[TASK TO COMPLETE]
Give the listing again word for word. Leave every image out.

[STORED DATA]
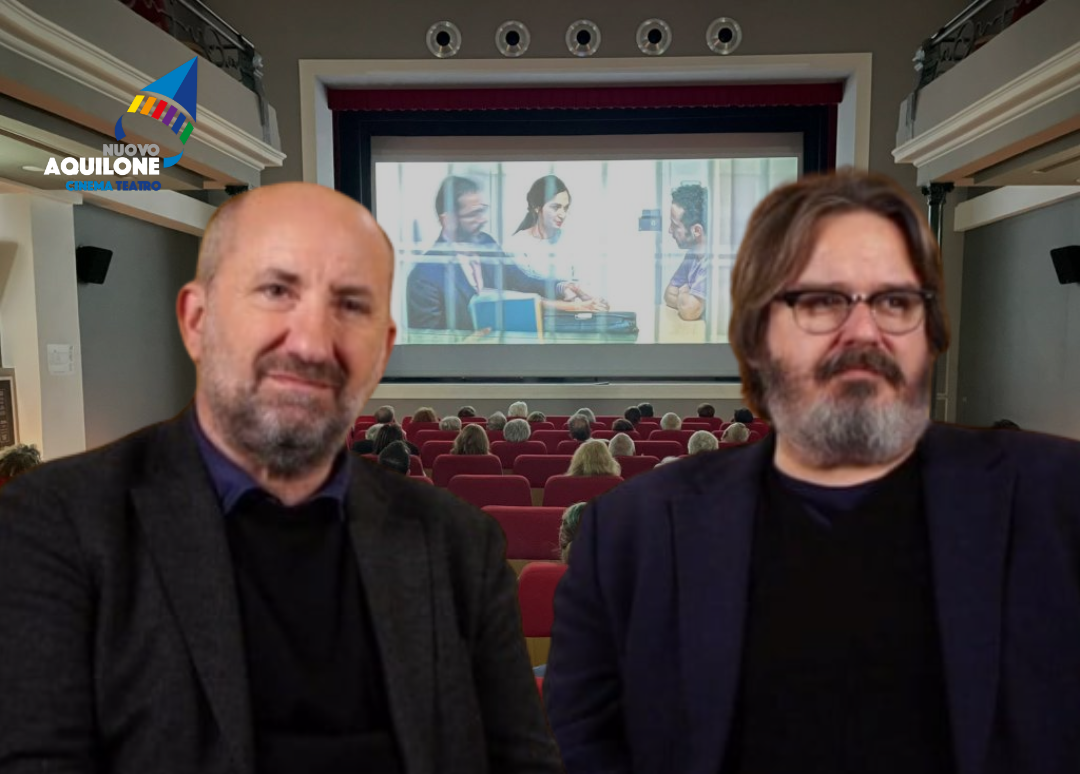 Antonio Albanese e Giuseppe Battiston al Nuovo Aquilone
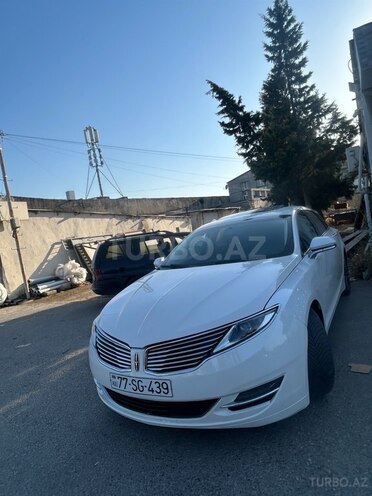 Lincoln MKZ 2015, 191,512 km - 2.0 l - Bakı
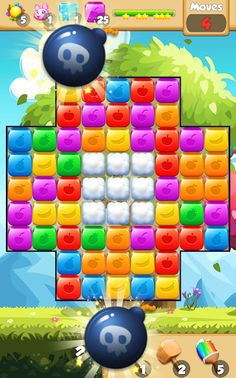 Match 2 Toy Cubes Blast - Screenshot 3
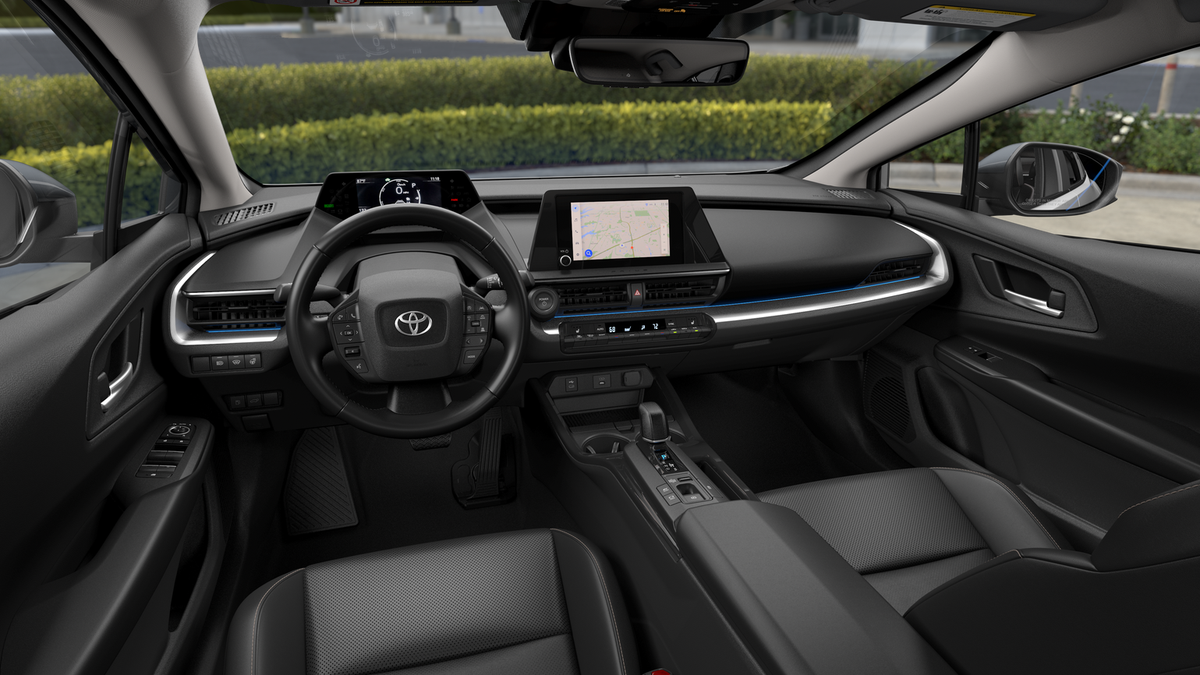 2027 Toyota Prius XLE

[SOLUTION]
 Antonio Albanese e Giuseppe Battiston al Nuovo Aquilone
 Lincoln MKZ 2015, 191,512 km - 2.0 l - Bakı
 Match 2 Toy Cubes Blast - Screenshot 3
 2027 Toyota Prius XLE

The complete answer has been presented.